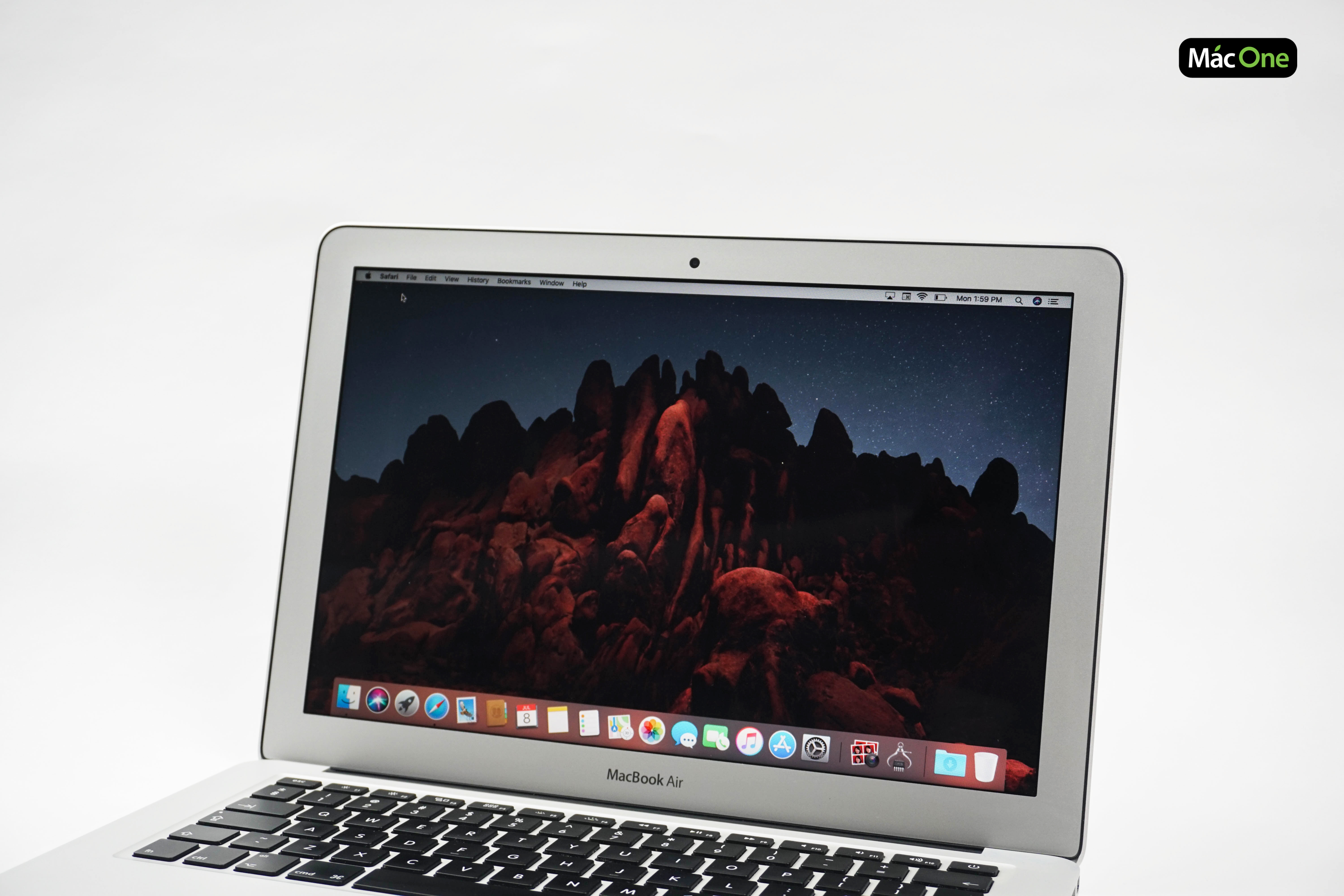 Đánh giá Macbook Air 2017: Lý do vì sao vẫn rất hot. - ảnh 2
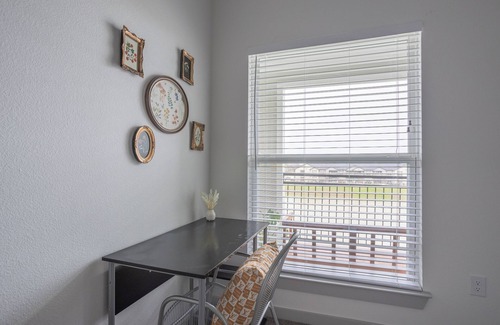 Richmond Apartment | Feel@Home I Rosenberg I Lakeview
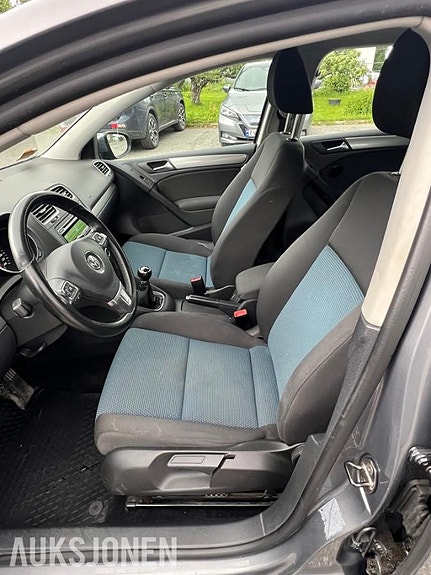 Volkswagen golf 14 of 23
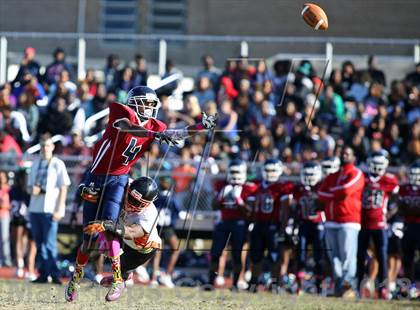 Thumbnail 3 in DuVal @ Bowie photogallery.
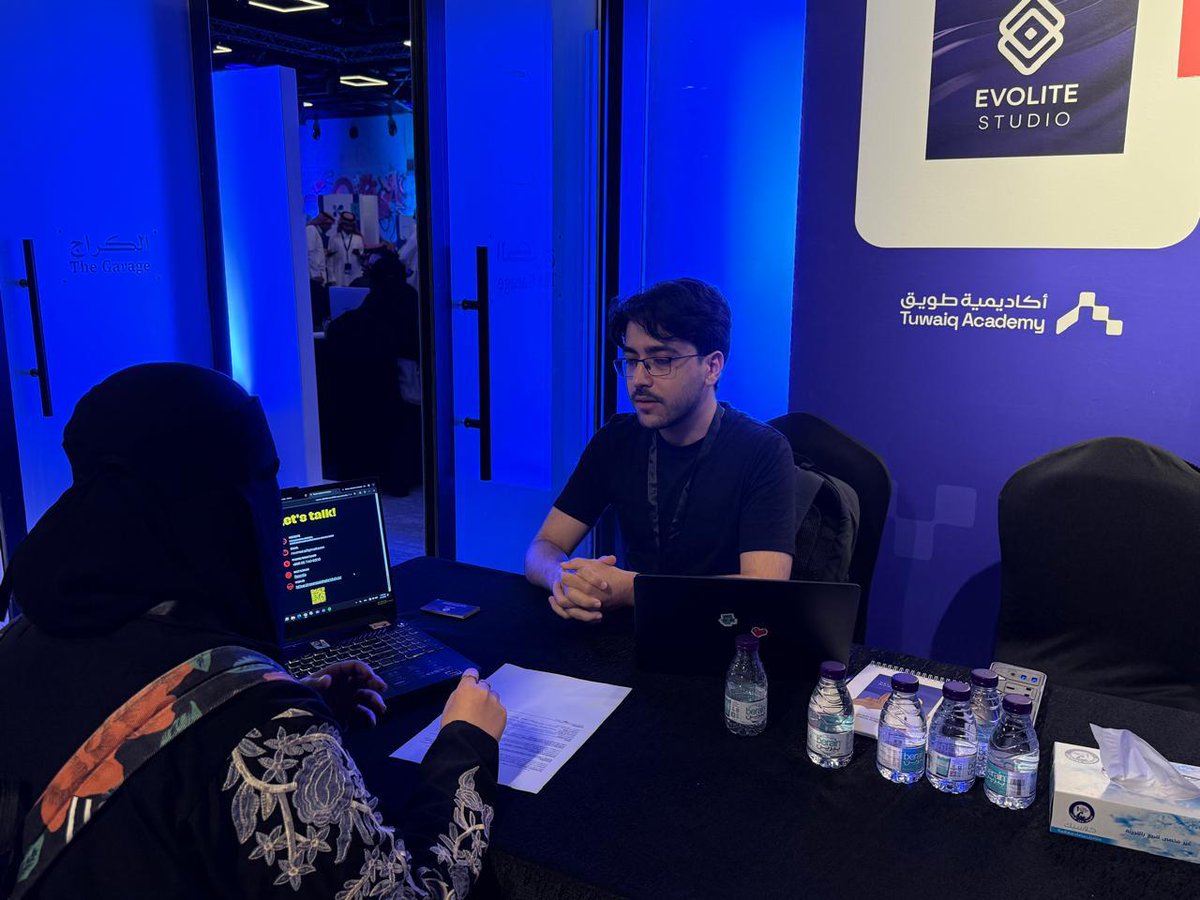 Evolite Studio | Wishlist NOOR 🐱 tweet media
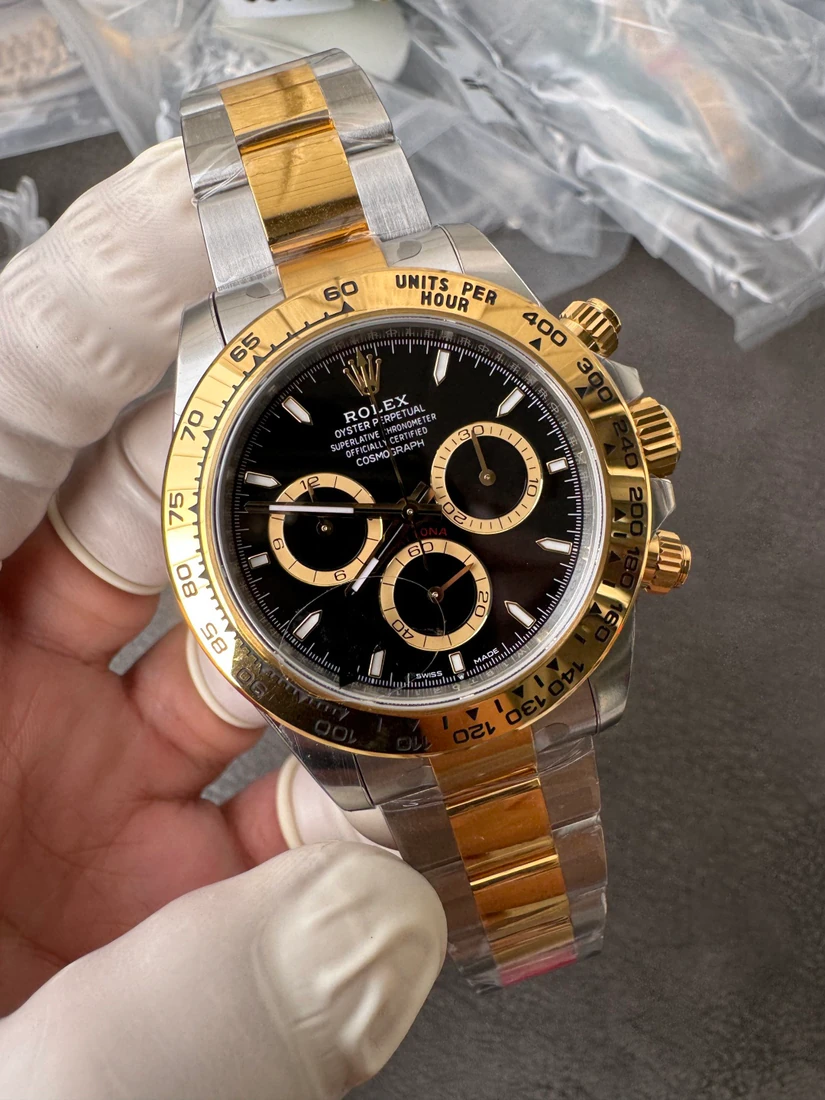 Cosmograph Daytona 40 — صورة من إدراج المورّد لهذه المواصفات، زاوية 8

### [TASK BRIEF]
Write out the lines of the material from the one containing "Thumbnail 3 in DuVal @ Bowie photogallery." through the last, exactly and only those. Leave every picture out.

### [OUTPUT FOR THIS EXERCISE]
 Thumbnail 3 in DuVal @ Bowie photogallery.
 Evolite Studio | Wishlist NOOR 🐱 tweet media
 Cosmograph Daytona 40 — صورة من إدراج المورّد لهذه المواصفات، زاوية 8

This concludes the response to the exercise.